The Muse of Unrequited Crushes

ashes-1894-edvard-munch_wikiart

Edvard Munch: “Ashes”

Has there ever been an unrequited love that’s paid more poetic dividends than WB Yeats’s decades long pursuit of unyielding Maud Gonne?*

[cue Robert Johnson: “All my love’s in vain.”]

Here’s a slight sampling:


She bid me take life easy, as the grass grows on the weirs;

But I was young and foolish, and now am full of tears.

“Down by the Salley Gardens”


How many loved your moments of glad grace,

And loved your beauty with love false or true,

But one man loved the pilgrim soul in you,

And loved the sorrows of your changing face;

 

And bending down beside the glowing bars,

Murmur, a little sadly, how Love fled

And paced upon the mountains overhead

And hid his face amid a crowd of stars.

“When You Are Old”


Half close your eyelids, loosen your hair,

And dream about the great and their pride;

They have spoken against you everywhere,

But weigh this song with the great and their pride;

I made it out of a mouthful of air,

Their children’s children shall say they have lied.

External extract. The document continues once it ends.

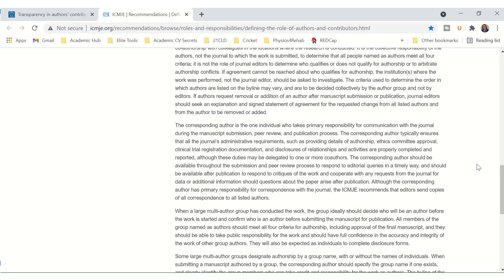I hope this video helped. Now that we know what the responsibilities are of the corresponding author, it's also easier to meet these expectations. Do go and have a look at the two links, which I'll put in the description box below this video, and feel free to leave a comment below this video.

“He Thinks of Those Who Have Spoken Evil of His Beloved”


O  Heart! O Heart, if she’d but turn her head

You’d know the folly of being comforted.

“The Folly of Being Comforted”


Never give all the heart, for love

Will hardly seem worth thinking of

To passionate women if it seem

Certain, and they never dream

That it fades out from kiss to kiss;

For everything that’s lovely is

But a brief, dreamy, kind delight.

O never give the heart outright,

For they, for all smooth lips can say,

Have given their hearts up to the play.

And who could play it well enough

If deaf and dumb and blind with love?

He that made this knows all the cost,

For he gave all his heart and lost.

“Never Give All the Heart”


I could go on and on, but allow me just one more:

We sat grown quiet at the name of love;

We saw the last embers of daylight die,

And in the trembling blue-green of the sky

A moon, worn as if it had been a shell

Washed by time’s waters as they rose and fell

About the stars and broke in days and years.

 

I had a thought for no one’s but your ears:

That you were beautiful, and that I strove

To love you in the old high way of love;

That it had all seemed happy, and yet we’d grown

As weary-hearted as that hollow moon.

“Adam’s Curse”


Given this inspiration, perhaps I should lament I’ve never suffered unrequited love.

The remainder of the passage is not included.